VCAT says ‘I don’t’ to wedding proposal

A bid to build a wedding venue surrounding a historic Bell Post Hill homestead has failed at Victoria’s planning tribunal following a previous council rejection.

Ewan Harrison last week took his plans for the upmarket venue to Victorian Civil and Administrative Tribunal (VCAT) after Geelong’s council rejected them in February.

The proposal featured a pool cocktail area, a rose garden and a croquet lawn around the National Trust-listed ‘Coolangatta’ homestead, located on a 63 hectare farm.

Council’s planning committee in February stated the proposal for a 150-person venue would cause an “unacceptable disturbance” to neighbouring properties.

The committee refused the application after receiving about 20 objections, some from people residing near the site, prompting Mr Harrison to take the matter to VCAT.

But last Wednesday VCAT Member Tracey Bilston-McGillen rejected Mr Harrison’s appeal against the council decision.

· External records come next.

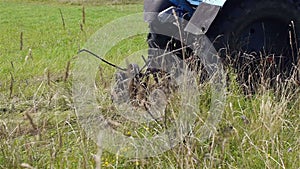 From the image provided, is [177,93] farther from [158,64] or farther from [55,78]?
[55,78]

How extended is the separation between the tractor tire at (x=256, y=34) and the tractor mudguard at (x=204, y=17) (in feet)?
0.41

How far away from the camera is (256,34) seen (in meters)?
3.50

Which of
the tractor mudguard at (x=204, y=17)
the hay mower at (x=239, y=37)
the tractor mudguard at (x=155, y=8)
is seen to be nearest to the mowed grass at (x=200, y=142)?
the hay mower at (x=239, y=37)

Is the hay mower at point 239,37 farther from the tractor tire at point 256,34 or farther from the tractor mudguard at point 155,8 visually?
the tractor mudguard at point 155,8

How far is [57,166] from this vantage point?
2.25m

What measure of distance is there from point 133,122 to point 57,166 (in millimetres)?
576

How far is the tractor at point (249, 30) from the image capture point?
3.26 meters

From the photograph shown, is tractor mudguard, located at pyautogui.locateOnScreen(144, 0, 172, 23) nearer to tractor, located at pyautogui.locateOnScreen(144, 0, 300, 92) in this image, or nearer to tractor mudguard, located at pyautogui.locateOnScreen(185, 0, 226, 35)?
tractor, located at pyautogui.locateOnScreen(144, 0, 300, 92)

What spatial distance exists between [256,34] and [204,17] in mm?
468

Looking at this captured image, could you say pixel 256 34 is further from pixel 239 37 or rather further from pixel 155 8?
pixel 155 8

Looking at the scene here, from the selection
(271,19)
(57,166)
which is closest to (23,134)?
(57,166)

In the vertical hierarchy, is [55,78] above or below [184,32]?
below

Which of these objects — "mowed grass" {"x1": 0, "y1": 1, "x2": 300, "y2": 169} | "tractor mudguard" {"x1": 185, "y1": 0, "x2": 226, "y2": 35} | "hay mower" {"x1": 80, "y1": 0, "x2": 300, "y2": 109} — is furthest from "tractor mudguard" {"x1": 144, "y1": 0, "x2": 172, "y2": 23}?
"mowed grass" {"x1": 0, "y1": 1, "x2": 300, "y2": 169}

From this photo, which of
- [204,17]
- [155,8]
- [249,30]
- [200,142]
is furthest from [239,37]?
[200,142] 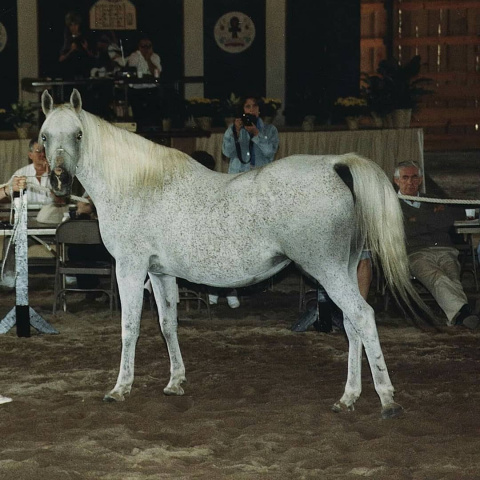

“I share council’s concern that the number of cars entering and exiting the property would result in an unacceptable disturbance of the adjoining property,” she said.

“I am persuaded by council that up to 50 vehicle movements arriving and departing is an unreasonable expectation in this zone and this location.”

A condition requiring a bus to transport guests to weddings instead was impractical, Ms Bilston-McGillen added.

Mr Ewan reduced the proposed capacity of the venue from 300 to 150 people in his application to council following the advertisement of his plans.

He also reduced the proposed number of events at the venue from 30 to 15 per year.

But Ms Bilston-McGillen found the proposed use of the site up to 11.30pm with up to 150 guests had “an unacceptable impact on the surrounding properties”.

“Perhaps a smaller, less intense and day time proposal may be considered acceptable, but this is not before me,” she said.

Two objectors appeared in person at the hearing, arguing noise from the venue would affect neighbouring properties.

Ms Bilston-McGillen acknowledged control measures could mitigate noise from music and sound systems.

But she found patrons eating and drinking outdoors and setup and packup noise would have unacceptable impact on surrounding residential properties

“I am persuaded by council that a concern is not just the wedding but the level of activity surrounding that event,” she said.

“The wedding event commences the day before with, for example, the arrival and setting up of marquees, caterers and music.

“The event continues the following day with the pack down of marquees and caterers.”

While Ms Bilston-McGillen acknowledging a rural setting amongst mature trees and a historic homestead would result in “an experience”, she said the proposal was not “unique”.